Dünya koca bir pasta ve Ferda tıka basa tok oturmuştur bu sofraya. Aynada gördüğü kendisiyle barışık değildir asla. Barıştırmak isteyenlerle de ortası düzgün değildir. Sakin tutumları baskı altında öfkeye dönüşen, bu öfke sonrasında ise kendisine ziyan verecek duruma gelen bir çizgide yürüyordur Ferda. Birkaç aydır klinikte tedavisini sürdürse de şimdi pek ilerleme kaydedememiştir. Zira kendisinin yardıma gereksinimi olduğuna inanmıyordur. Lakin her şeye karşın orada olmayı da seviyordur. En yakın arkadaşlarını burada edinmiştir ve tahminen de dışarıdaki hayatın korkutuculuğundan en âlâ saklanabileceği yerdir klinik. 

Burak (Efe Poylu)

Eğlenceli, esprili, az yiğit lakin çok sevgi dolu bir gençtir. Dostluğun ne demek olduğunu klinikte yatan öteki gençlerle öğrenmiştir.  Özge ile sık sık tartışıyor üzere görünse de aslında bu onların normalidir. Herkesi anlamaya çalışan, güzel bir dosttur.

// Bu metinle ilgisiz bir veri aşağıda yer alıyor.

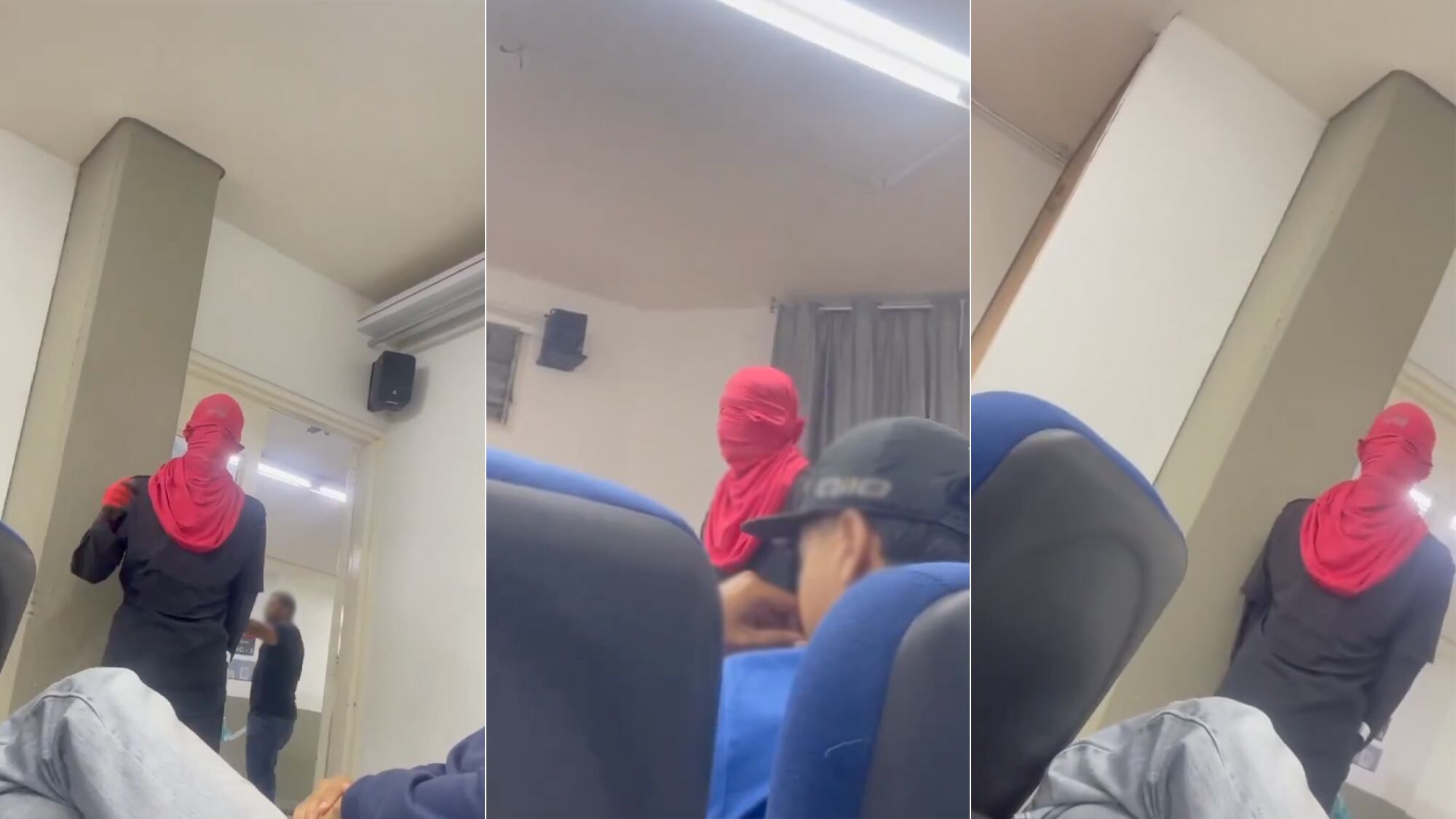 Encauchado en Univalle y ordenó evacuar las aulas.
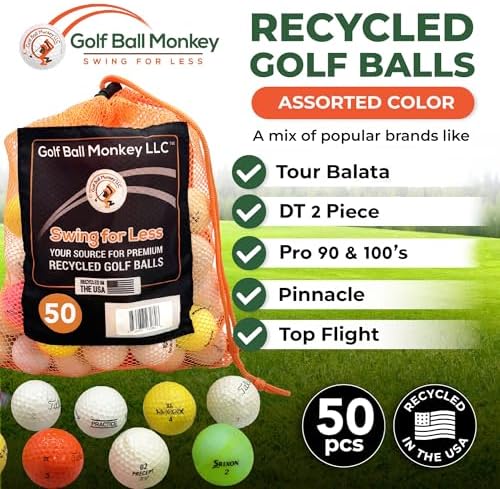 Golf Ball Monkey Hit Away Used Golf Balls Bulk - Image 2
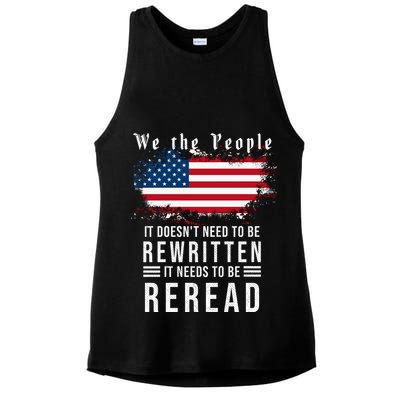 We The People I't Doesn't Need To Be Rewritten I't Needs To Be Reread Ladies PosiCharge Tri-Blend Wicking Tank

Ama en çok Ferda gibileri anlamakta zorlanıyordur Burak. Dünyada bu kadar çok lezzet varken hepsinin tadına bakma heyecanı bile onu yaşama bağlıyordur. Meğer asıl açlığının ruhundaki boşluklardan olduğunu şimdi bilmiyordur.

Arif (Ataberk Mutlu)

Kendisini tek cümleyle anlatması istense ‘Ölümden vefatına korkmak’ kederi kesin. Her gününü kaygı içinde geçirmek epey yorucudur Arif için. Zati geçmişinde yaşadığı ağır travmalar ruhunu yeteri kadar zayıflatmışken bir de üzerine her an ölmekten korkmak onu savunmasız, güçsüz biri haline getirmiştir. En yakın dostu Burak sayesinde korunup kollandığını bilse de elinde değildir öteki dehşetleri. Her an bir şey olabilir. Bozuk bir priz yüzünden elektrik çarpabilir, şiddetli bir rüzgar odasının camını kırıp, cam kırıkları onun önemli yaralanmasına sebep olabilir… Klinikte dört duvar içindeki tehlikelerle baş etmek gereğince zorken dış dünyadaki tehlikelerin hiçbirisiyle yüzleşemez hale gelmiştir. Bir müddettir tedavi gördüğü hastaneden dışarı çıkmayı hiç istemiyordur ve şimdi hazır da değildir.